Énergies renouvelables
L'énergie renouvelable est également au centre des préoccupations, notamment au Honduras et au Guatemala. Le producteur de bananes entrevoit de bonnes opportunités autour de l'énergie solaire et des digesteurs anaérobies en tant que source d'énergie. « Nous élaborons un plan d'investissement pour soutenir la réduction, en pensant toujours à ce que nous devons faire. Parfois, les opportunités dépassent ce niveau en raison d'une analyse de rentabilité de base. Si nous parvenons à réunir ces deux éléments, nous serons prêts. L'année 2030 nous donne le temps de faire les choses correctement. » Peter souligne l'avantage que représente une entreprise familiale en matière de vision à long terme.

« Nous avons une vision à très long terme, la question n'est pas celle des résultats trimestriels. » Malgré le fait qu'il s'agira d'un long processus, Peter reste positif. « Ce n'est pas une vision vouée à l'échec ; nous pouvons faire quelque chose, et nous le ferons. » Dans ce processus, il perçoit un rôle pour l'ensemble du secteur.

« Plus l'industrie avance dans ce domaine et plus la collaboration est grande, mieux c'est. Parce que cela concerne tout le monde. » Et comme cela concerne tout le monde, Chiquita souhaite que le consommateur soit également impliqué. Le directeur du développement durable pense que l'offre de valeur est la clé du succès. « Le défi pour nous est de nous assurer que nous entraînons le client avec nous en lui donnant toutes les raisons de continuer à soutenir la marque. En fin de compte, nous n'avons aucun contrôle sur le prix que le consommateur paie dans le commerce de détail. Nous pouvons seulement nous assurer que les clients apprécient ce qui se trouve devant eux. »

Évolution
La nécessité de changer est de plus en plus évidente. Peter conclut que si les conditions météorologiques varient légèrement d'une région et d'un pays à l'autre, Chiquita constate aujourd'hui un changement dans les schémas traditionnels. « D'une manière générale, nous avons constaté un climat plus chaud et plus sec dans les régions bananières où nous sommes implantés. L'important est de le reconnaître, d'en surveiller l'impact et de mettre en place des stratégies d'atténuation. Cela nous donnera des indices sur la direction à prendre et sur la manière dont l'agriculture se développera à cet endroit au cours des 30 prochaines années. »

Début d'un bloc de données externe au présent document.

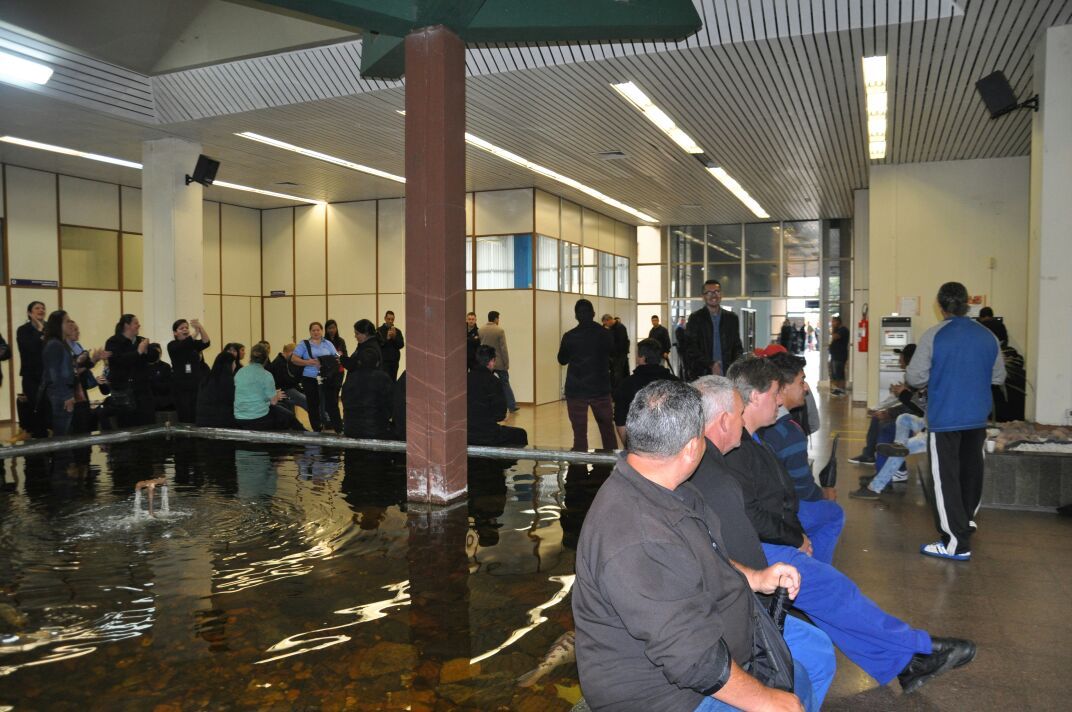 Trabalhadores ocuparam, na manhã desta quinta-feira, a sede da prefeitura em protesto pelo atraso do “vale” | Divulgação/Sindimoc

Peter voit également certains avantages du changement climatique. « Il va être plus sec et généralement, un climat plus sec inhibe certains parasites et maladies. » Toutefois, le changement de température n'est pas la seule préoccupation, les événements météorologiques extrêmes ont un impact croissant sur le secteur, observe le directeur de la durabilité. Il mentionne qu'après les ouragans Eta et Iota en 2020 au Honduras et au Guatemala, il pourrait encore falloir plus d'un an pour replanter tout ce qui a été perdu. « Une part importante de notre production a été très fortement touchée. »

Minimiser l'impact
Pour Chiquita, il est clair que le monde a besoin d'une production durable à haut rendement, qui permette d'éviter le déboisement des forêts tropicales ou l'assèchement des zones humides. Bien que Peter pense qu'il y a beaucoup à apprendre des systèmes de production biologique, il n'est pas convaincu qu'une méthode de production strictement biologique soit la seule voie à suivre. « Je ne sais pas si l'agriculture conventionnelle a encore nécessairement exploité toute la puissance de la nature. Malheureusement, nous ne pouvons pas assurer l'approvisionnement mondial en nourriture de manière biologique, mais nous pouvons être plus conscients du système naturel et travailler sur des façons de nous assurer qu'il joue en notre faveur et de minimiser notre impact sur l'environnement au sens large. »

D'après les calculs de l'empreinte carbone de Chiquita, il apparaît qu'une banane Chiquita - qui a déjà réalisé une réduction de CO2 de 29 % depuis 2012 - a en fait une empreinte plus faible qu'une banane biologique.